Electronic – How does the controller know when to jump to the ISR


I am talking about things at the core level.

As far as I understand, the controller core just executes instructions which are fetched from the memory (Fetch – Decode – Execute). When an Interrupt arrives, how does the core/ALU decide to jump to the ISR?

Because we, or the compiler, don't add any instruction to poll the interrupt status – then how does it know that an interrupt needs to be served?

Best Answer

What you are missing is that the core does do more than just execute opcodes that are fetched from memory. It has specific logic in it to implement interrupts.

When the interrupt detection hardware asserts the signal that says it's time to take a interrupt, usually a special instruction is jammed into the core that was never fetched from memory. In most cases this is a CALL instruction to the interrupt vector address. This uses the existing instruction execution mechanism to save the current PC onto the call stack, and change it to the interrupt vector address. It also deals with discarding pre-fetched instructions and the like.

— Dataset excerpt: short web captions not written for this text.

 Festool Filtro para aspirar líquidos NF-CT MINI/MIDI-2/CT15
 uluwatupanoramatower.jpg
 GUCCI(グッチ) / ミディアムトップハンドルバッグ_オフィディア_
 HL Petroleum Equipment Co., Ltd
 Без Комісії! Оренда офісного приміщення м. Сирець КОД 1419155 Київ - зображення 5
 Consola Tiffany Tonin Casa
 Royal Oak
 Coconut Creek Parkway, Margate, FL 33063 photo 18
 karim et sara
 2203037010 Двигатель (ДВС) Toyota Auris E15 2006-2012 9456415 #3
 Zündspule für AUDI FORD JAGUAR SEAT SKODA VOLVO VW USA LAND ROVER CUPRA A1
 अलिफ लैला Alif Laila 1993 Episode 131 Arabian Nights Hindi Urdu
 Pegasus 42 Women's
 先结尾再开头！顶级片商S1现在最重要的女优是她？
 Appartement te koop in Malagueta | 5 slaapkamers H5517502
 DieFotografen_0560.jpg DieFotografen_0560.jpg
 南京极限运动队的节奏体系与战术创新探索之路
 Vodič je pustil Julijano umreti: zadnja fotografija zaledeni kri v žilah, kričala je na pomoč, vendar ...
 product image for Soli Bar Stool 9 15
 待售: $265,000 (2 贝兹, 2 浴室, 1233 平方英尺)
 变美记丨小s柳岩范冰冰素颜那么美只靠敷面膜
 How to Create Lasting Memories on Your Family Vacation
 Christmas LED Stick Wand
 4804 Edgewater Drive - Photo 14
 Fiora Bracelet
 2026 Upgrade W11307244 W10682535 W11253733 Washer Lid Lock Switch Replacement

The special interrupt-taking logic also has to disable interrupts in such a way so that the same interrupt condition doesn't cause another call to the interrupt vector address next cycle. Different processors have different ways of handling this. The simplest is to just gloablly disable interrupts, requiring the software to re-enable them at the end of the interrupt service routine. Other processors have a interrupt priority level. This level is bumped so that only interrupt conditions of higher priority can cause a new interrupt. The interrupt priority is then something that is automatically saved along with the CALL return address, and restored when the code returns from the interrupt.